My recent blog post “Native multi-model can compete” has sparked considerable interest on HN and other channels. As expected, the community has immediately suggested improvements to the published code base and I have already published updated results several times (special thanks go to Hans-Peter Grahsl, Aseem Kishore, Chris Vest and Michael Hunger).
Here are the latest figures and diagrams:
The aim of the exercise was to show that a multi-model database can successfully compete with special players on their own turf with respect to performance and memory consumption. Therefore it is not surprising that quite a few interested readers have asked, whether I could include OrientDB, the other prominent native multi-model database.
Eager to make our case for multi-model even stronger, my collegues and I immediately set out to give OrientDB a spin. There is an officially supported node.js driver Oriento using the fast binary protocol and OrientDB easily offers everything we need for the comparison at hand in its SQL dialect and due to its multi-model nature.
To our great disappointment the results were not as good as expected. It seems obvious that there is something wrong in the way I am using OrientDB. So I have asked OrientDB users to check the implementation but they could not immediately spot the problem. Therefore I would love to see suggestions and will publish updated results as soon as they come in.
Enough talk, here are the results, this time including OrientDB, as was suggested by many.
Clearly something is wrong here. Any help to improving things would be much appreciated. Discuss on HN.
Details of how we use OrientDB
For OrientDB, we import the profiles in one class and the relations in another, but they are also stored as direct links between nodes in the objects of the
Profile class (“index free adjacency”). All queries are sent as SQL queries to the database. The Oriento driver uses promises in the usual node.js style. Single document queries and aggregations are native to SQL and therefore straightforward. For the neighbor queries we use OrientDB’s graph extensions that use the direct links. The second degree neighbors with unique results was a bit of a challenge but with some outside help we managed to find an SQL query that works. ShortestPath is also directly supported as a function call in SQL.
Oriento currently only supports one connection to the database. In order to parallelize the requests, we used 25 instances of the driver – giving us 25 parallel connections to the server. This improved performance considerably.
Some conjectures about reasons
As mentioned above, we do not really understand what is going on here. We had a short look at the (open source version of the) code. It seems that OrientDB uses an implementation of Dijkstra’s algorithm for the ShortestPath that proceeds only from the source, contrary to ArangoDB and Neo4j. This essentially explains the bad performance in the shortest path test, since our social graph is typical in that it is highly connected and essentially shows an exponential growth of the neighborhood of each vertex with the distance.

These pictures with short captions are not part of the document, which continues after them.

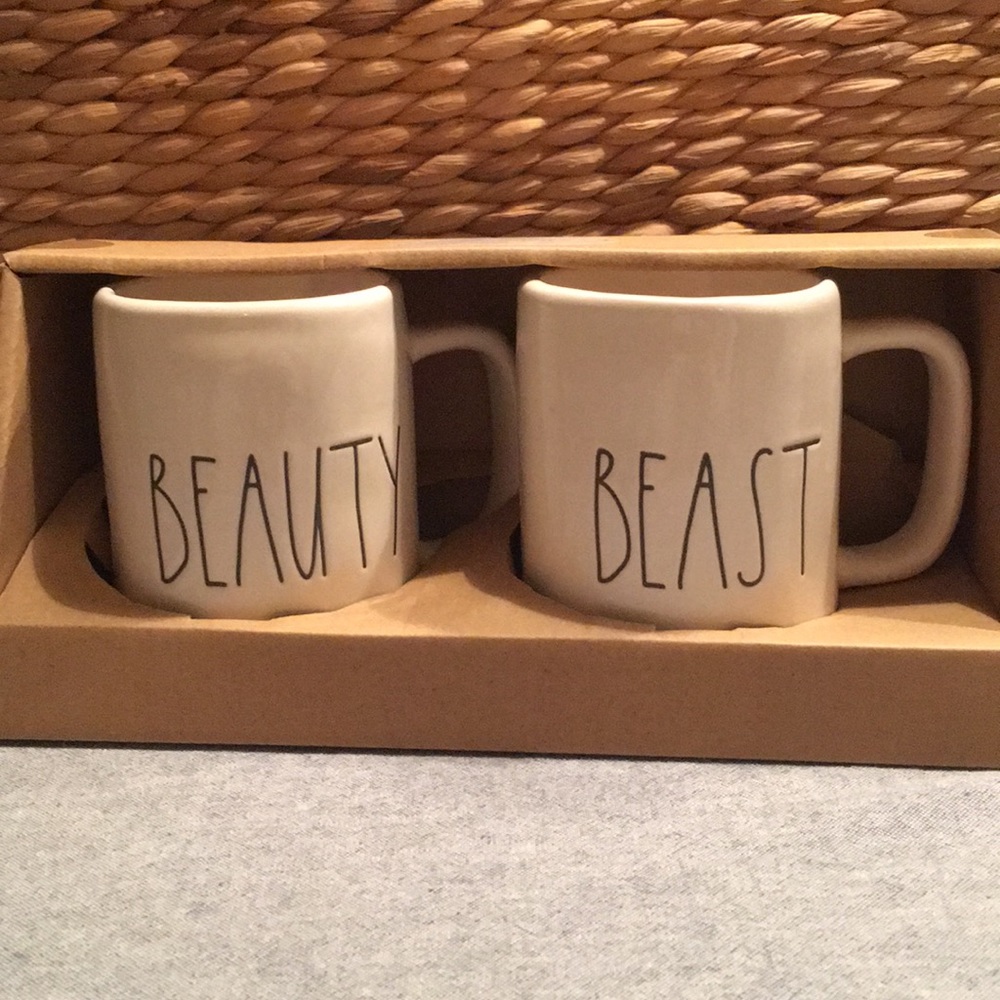 Rae Dunn mug set: BEAUTY & BEAST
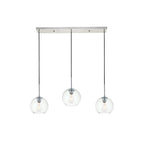 Suspension sphérique transparente en verre et métal à 3 lumières de 91 cm (36 pouces)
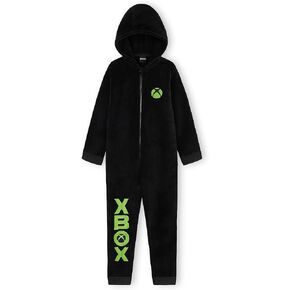 Xbox Fleece Jumpsuit for Boys Teens Hooded Romper Fleece Pajamas Gamer Gifts
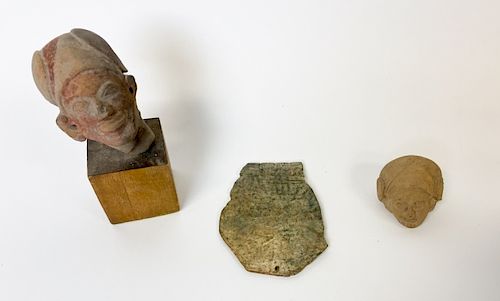 Three Pre Columbian Fragments Gift from Huston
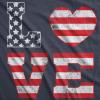 Womens Love American Flag T Shirt Cute Patriotic Red White and Blue Tee(Heather Navy – Love Flag)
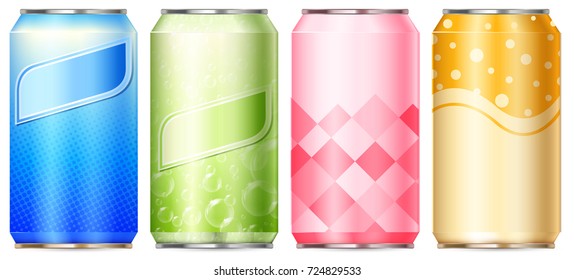 Diseños de etiquetas diferentes en latas de aluminio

We can only repeat that any hints about how to improve this situation would be more than welcome, and that we will immediately update this post when new findings arise.
We perform exactly the same tests as before, please read the full description there.
Resources and Contribution
All code used in this test can be downloaded from my Github repository and all the data is published in a public Amazon S3 bucket. The tar file consists of two folders data (database) and import (source files).
Everybody is welcome to contribute by testing other databases and sharing the results.